Segment Start: Input records

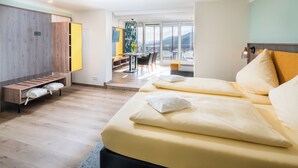 A modern hotel room with a bed, seating area, and a view of mountains. - Waldhotel Sonnenberg (Bollendorf)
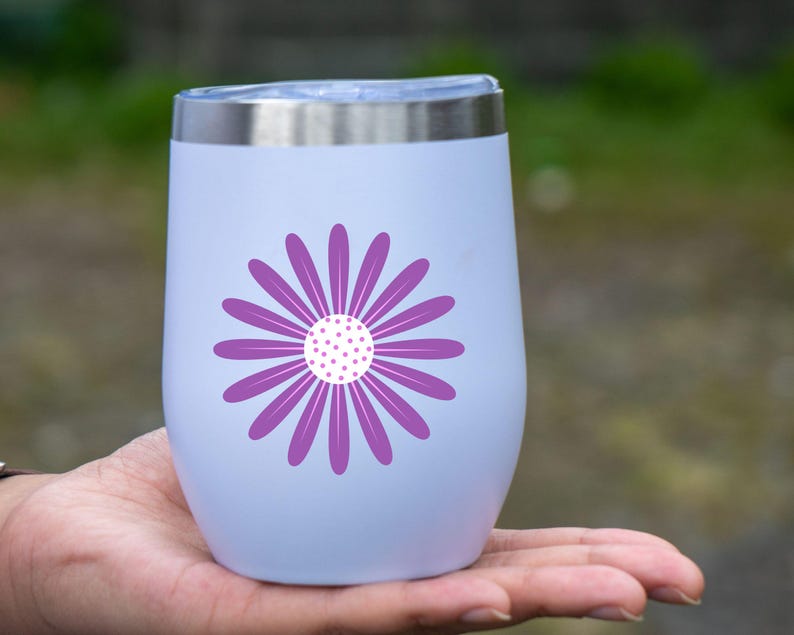 May include: A white insulated wine tumbler with a silver rim and a purple daisy design. The daisy has a white center with purple dots and purple petals. The tumbler is held in a person's hand.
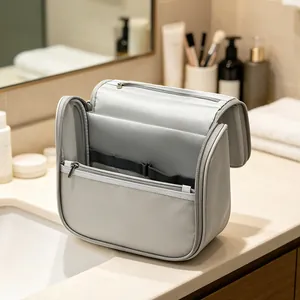 Neceser de viaje gris espacioso con compartimentos organizados sobre un lavabo de baño moderno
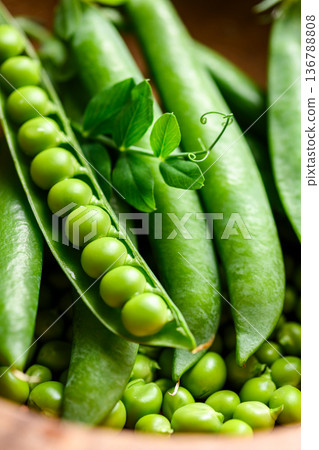 Fresh green peas in pods arranged in a wooden bowl 136788808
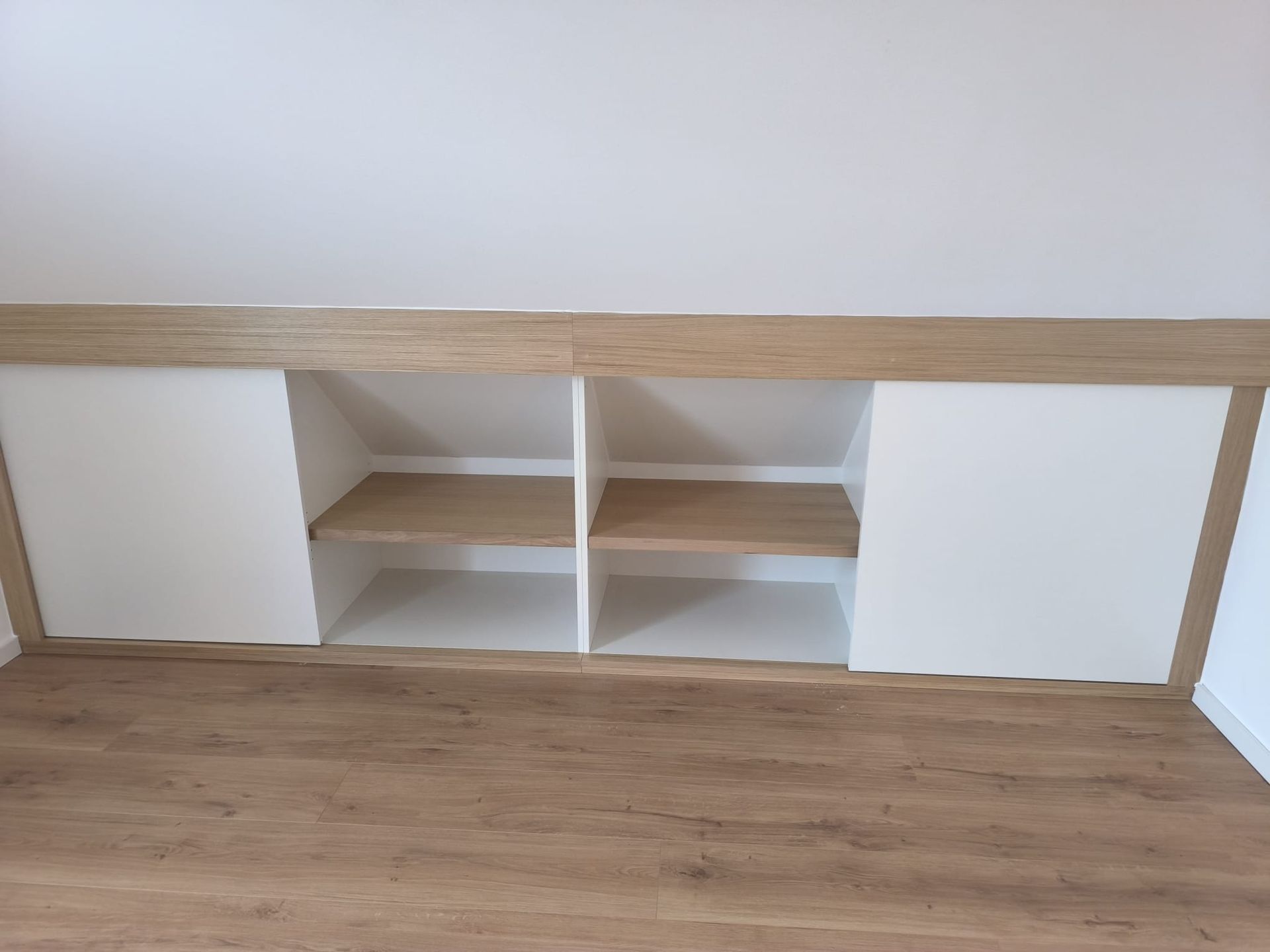 Einbauschrank mit weißen Türen und Regalen, braunen Holzverkleidungen und Boden.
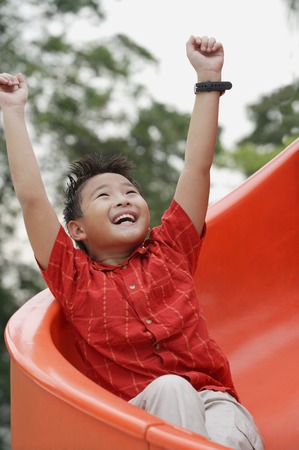 Boy coming down playground slide, arms outstretched, smiling, looking upの写真素材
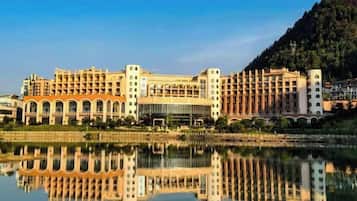 A large hotel with multiple floors, a central courtyard, and a reflection in the water.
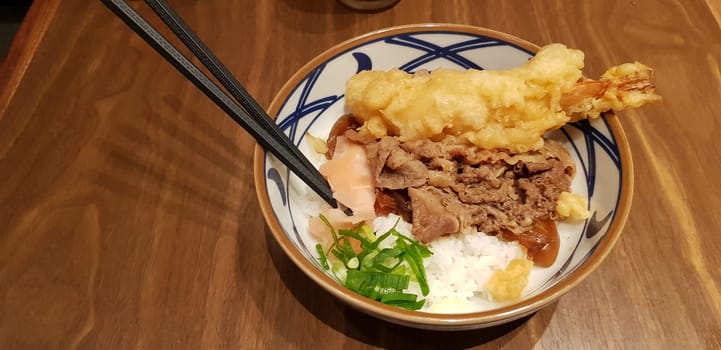 Japanese traditional food beef teriyaki with stickt rice and tempura shrimp sliced spring onion in a bowl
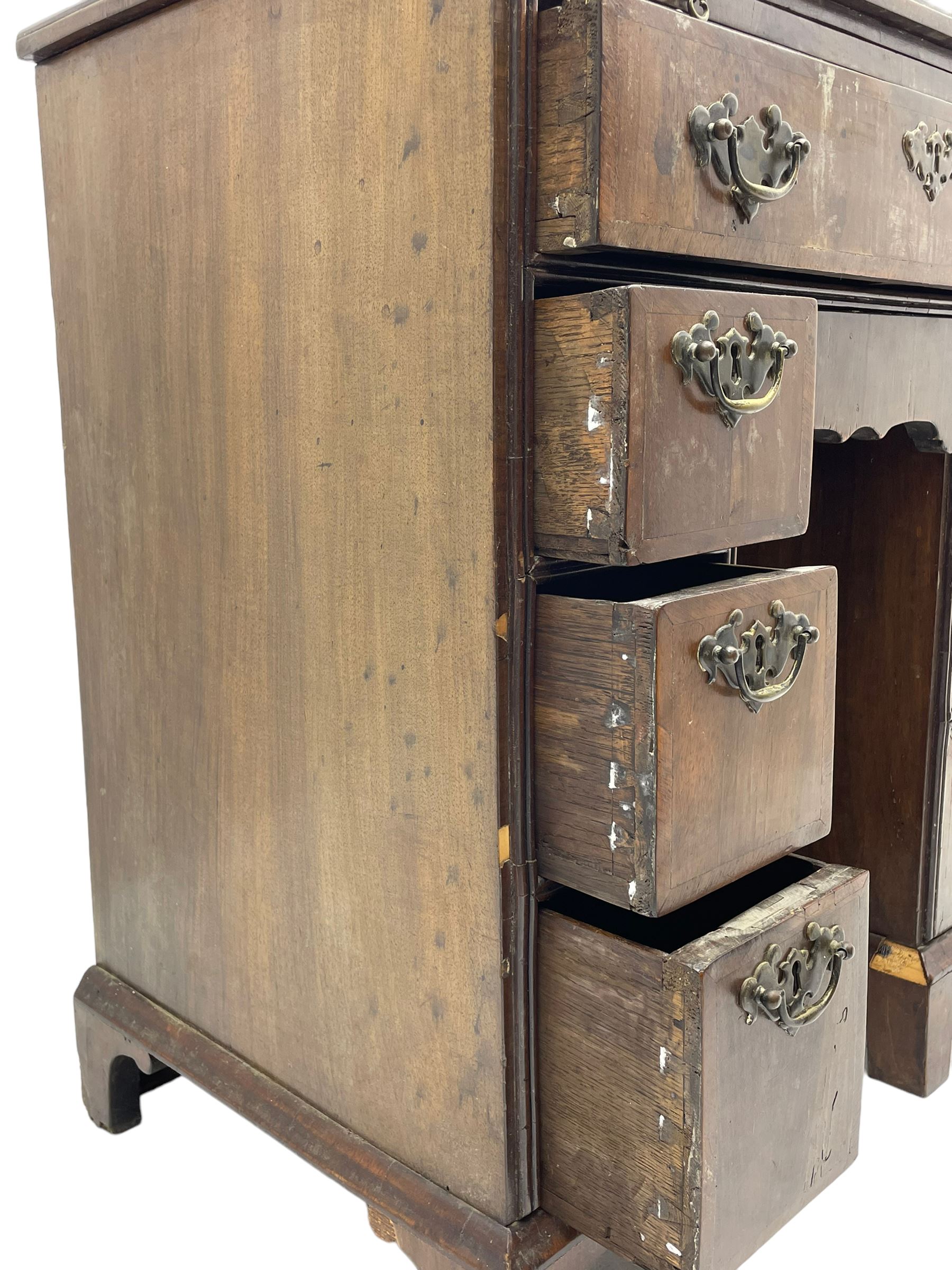 Georgian walnut kneehole desk, moulded rectangular top with book-matched veneers within crossbanding, fitted with slide over one long drawer, frieze drawer, six small drawers and recessed cupboard, raised on bracket feet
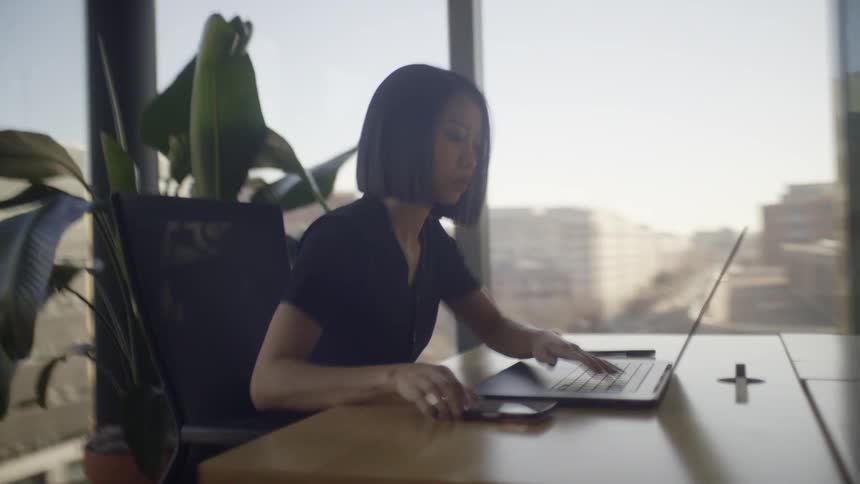 A focused Asian businesswoman works on her laptop and checks her phone in a modern office with a city view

Segment End: Input records

Brief
Without including any pictures, please restate all the records exactly.

Your solution
 A modern hotel room with a bed, seating area, and a view of mountains. - Waldhotel Sonnenberg (Bollendorf)
 May include: A white insulated wine tumbler with a silver rim and a purple daisy design. The daisy has a white center with purple dots and purple petals. The tumbler is held in a person's hand.
 Neceser de viaje gris espacioso con compartimentos organizados sobre un lavabo de baño moderno
 Fresh green peas in pods arranged in a wooden bowl 136788808
 Einbauschrank mit weißen Türen und Regalen, braunen Holzverkleidungen und Boden.
 Boy coming down playground slide, arms outstretched, smiling, looking upの写真素材
 A large hotel with multiple floors, a central courtyard, and a reflection in the water.
 Japanese traditional food beef teriyaki with stickt rice and tempura shrimp sliced spring onion in a bowl
 Georgian walnut kneehole desk, moulded rectangular top with book-matched veneers within crossbanding, fitted with slide over one long drawer, frieze drawer, six small drawers and recessed cupboard, raised on bracket feet
 A focused Asian businesswoman works on her laptop and checks her phone in a modern office with a city view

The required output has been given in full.